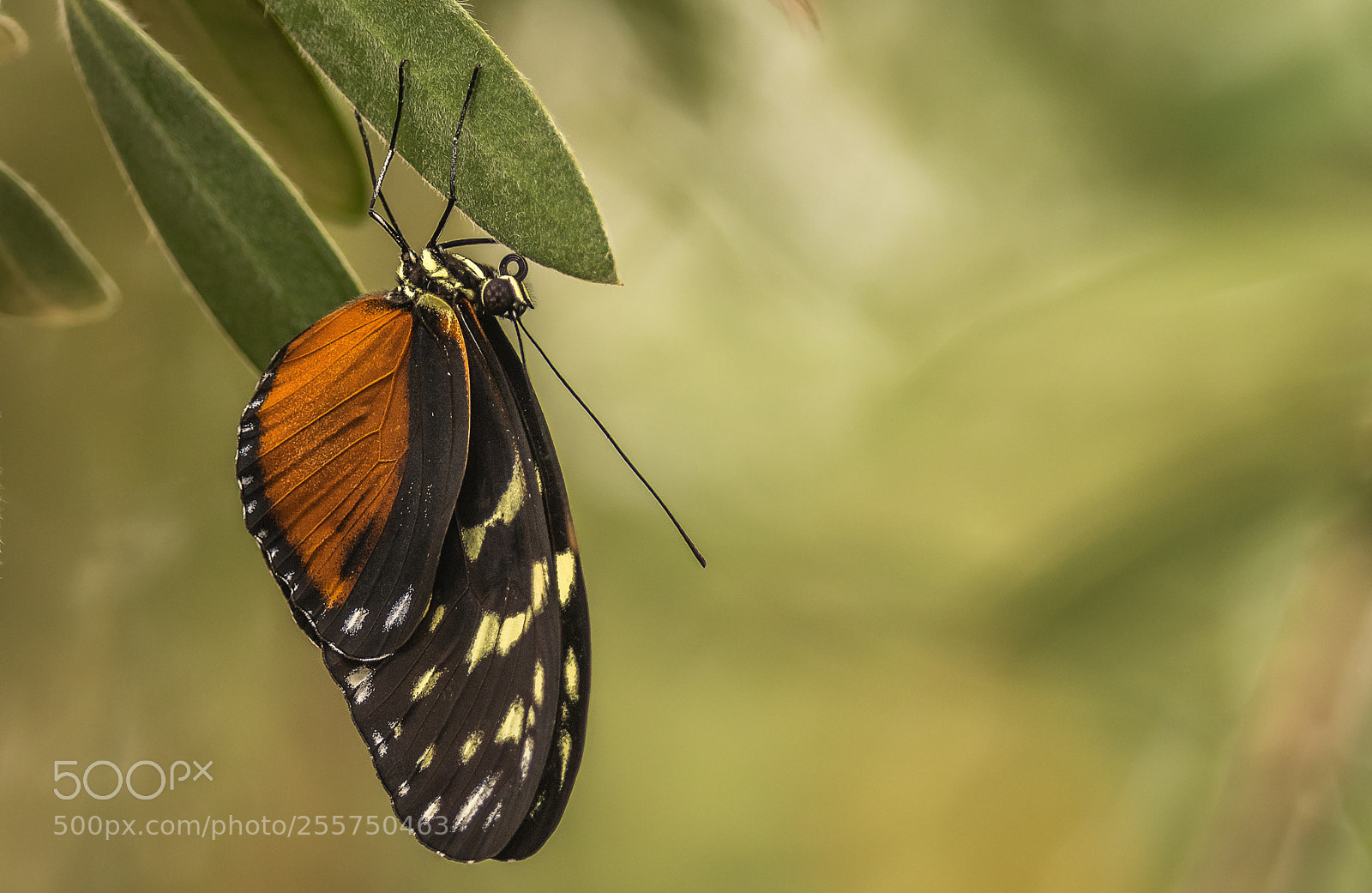 Nikon D500 sample photo. Tiger longwing photography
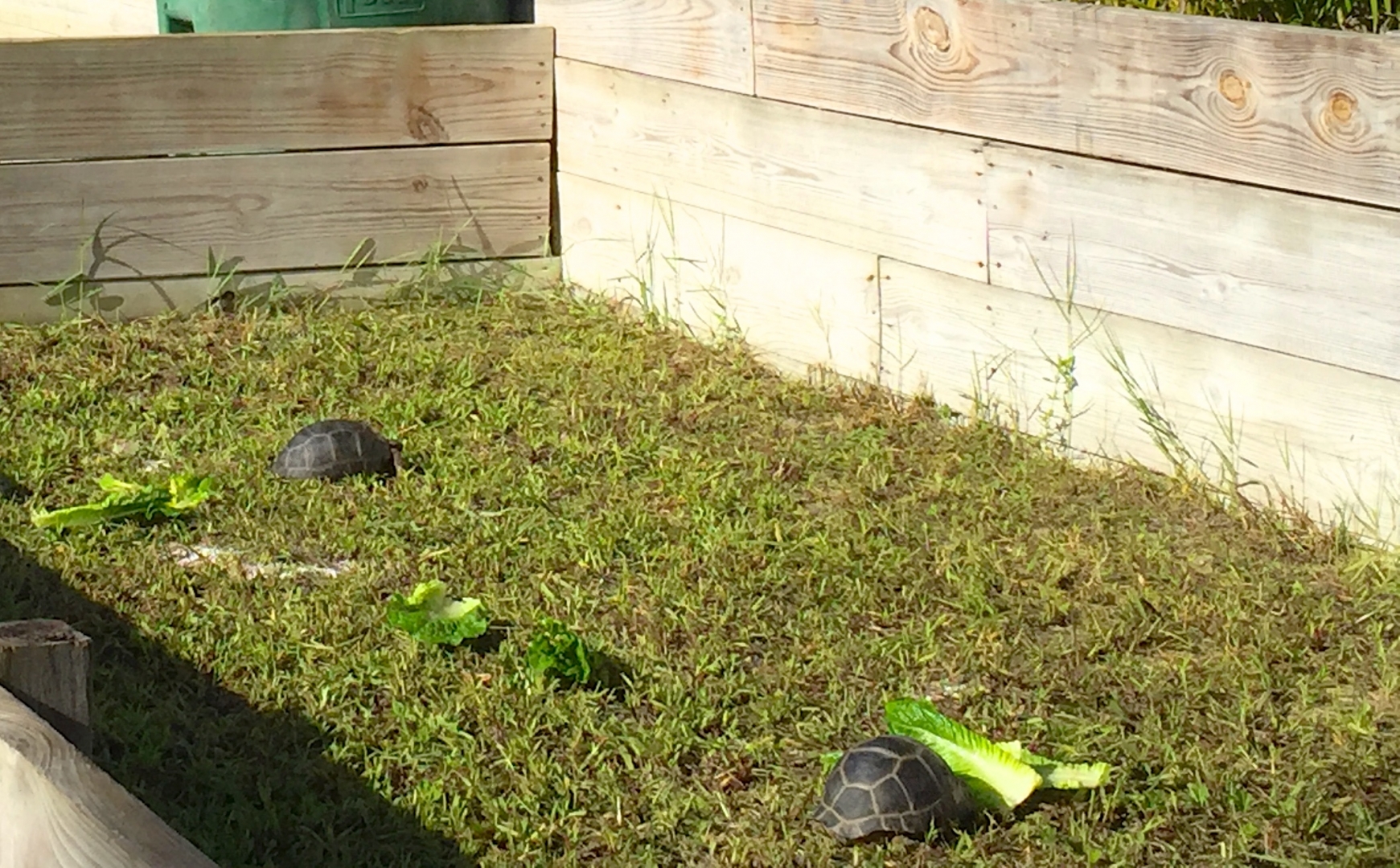 Aldabra Breeders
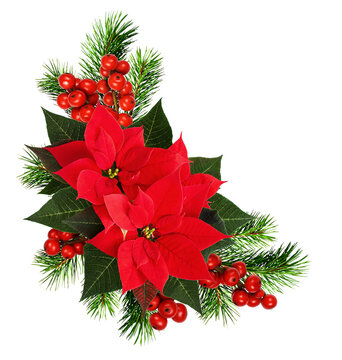 Christmas corner arrangement with pine twigs, red berries and poinsettia flowers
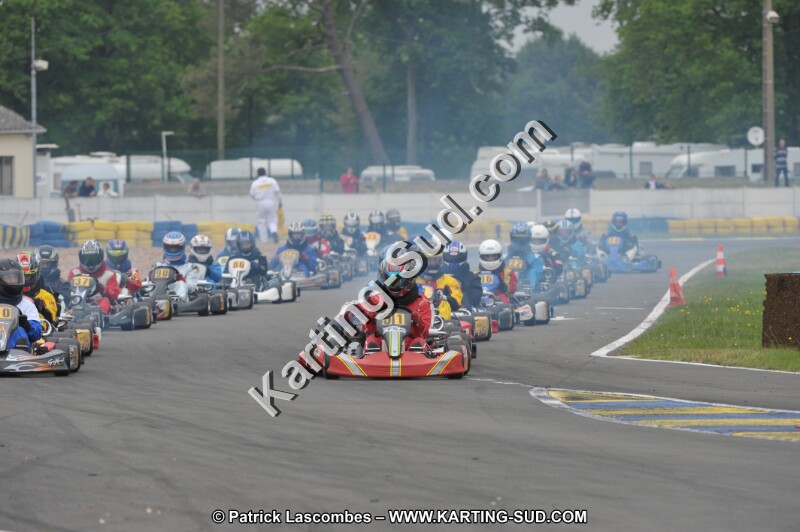 DSC_8678.JPG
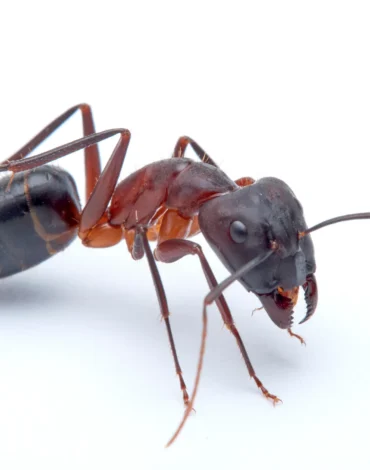 carpenter ant white background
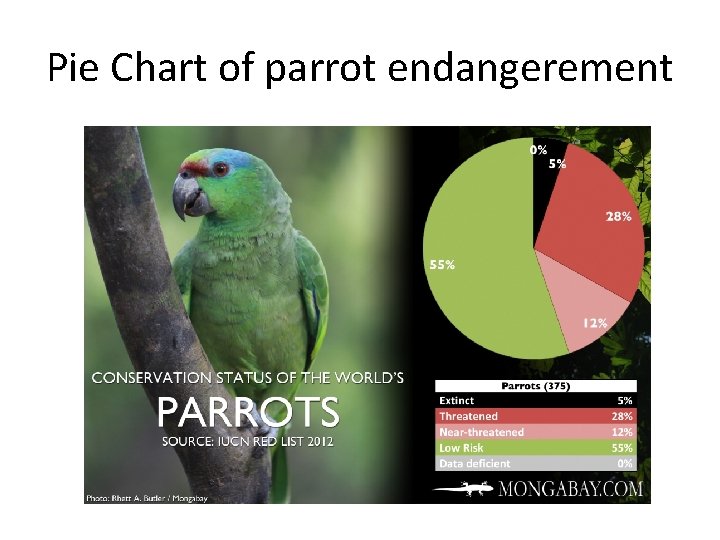 Pie Chart of parrot endangerement 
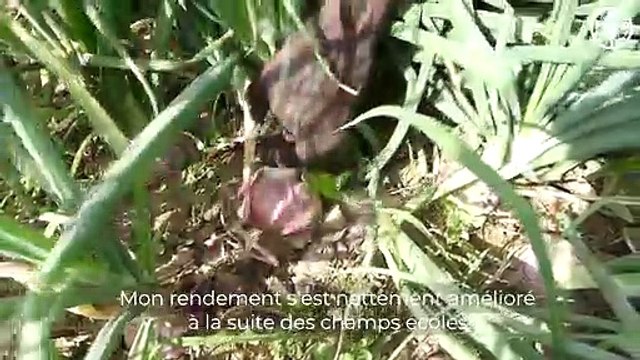 Togo- Focus sur les Champs écoles des producteurs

• _What is expected_
Begin with the line that contains "carpenter ant white background" and repeat every line through the end of the data, exactly and only those lines, leaving out the pictures.

• _Task output_
 carpenter ant white background
 Pie Chart of parrot endangerement 
 Togo- Focus sur les Champs écoles des producteurs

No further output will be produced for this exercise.